# Assignment
Begin with the line containing "Nokia Telefoni cellulari" and end with the last line of the data below; return those lines exactly, and only those.

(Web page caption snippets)
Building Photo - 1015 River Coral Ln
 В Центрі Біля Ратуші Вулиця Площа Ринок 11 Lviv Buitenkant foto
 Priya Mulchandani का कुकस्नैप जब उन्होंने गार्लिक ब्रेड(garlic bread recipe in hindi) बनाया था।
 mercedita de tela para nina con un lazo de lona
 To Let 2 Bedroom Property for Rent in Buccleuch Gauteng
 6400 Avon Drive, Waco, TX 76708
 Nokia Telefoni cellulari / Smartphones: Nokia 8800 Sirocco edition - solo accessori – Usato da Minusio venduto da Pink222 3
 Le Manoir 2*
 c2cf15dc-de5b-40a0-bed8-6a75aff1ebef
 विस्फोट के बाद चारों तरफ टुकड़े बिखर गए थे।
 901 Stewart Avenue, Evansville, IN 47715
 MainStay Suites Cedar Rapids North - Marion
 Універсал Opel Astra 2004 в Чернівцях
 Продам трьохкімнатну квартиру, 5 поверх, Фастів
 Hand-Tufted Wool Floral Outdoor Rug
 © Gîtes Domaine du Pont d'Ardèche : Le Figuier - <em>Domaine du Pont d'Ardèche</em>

# Written reply
 Nokia Telefoni cellulari / Smartphones: Nokia 8800 Sirocco edition - solo accessori – Usato da Minusio venduto da Pink222 3
 Le Manoir 2*
 c2cf15dc-de5b-40a0-bed8-6a75aff1ebef
 विस्फोट के बाद चारों तरफ टुकड़े बिखर गए थे।
 901 Stewart Avenue, Evansville, IN 47715
 MainStay Suites Cedar Rapids North - Marion
 Універсал Opel Astra 2004 в Чернівцях
 Продам трьохкімнатну квартиру, 5 поверх, Фастів
 Hand-Tufted Wool Floral Outdoor Rug
 © Gîtes Domaine du Pont d'Ardèche : Le Figuier - <em>Domaine du Pont d'Ardèche</em>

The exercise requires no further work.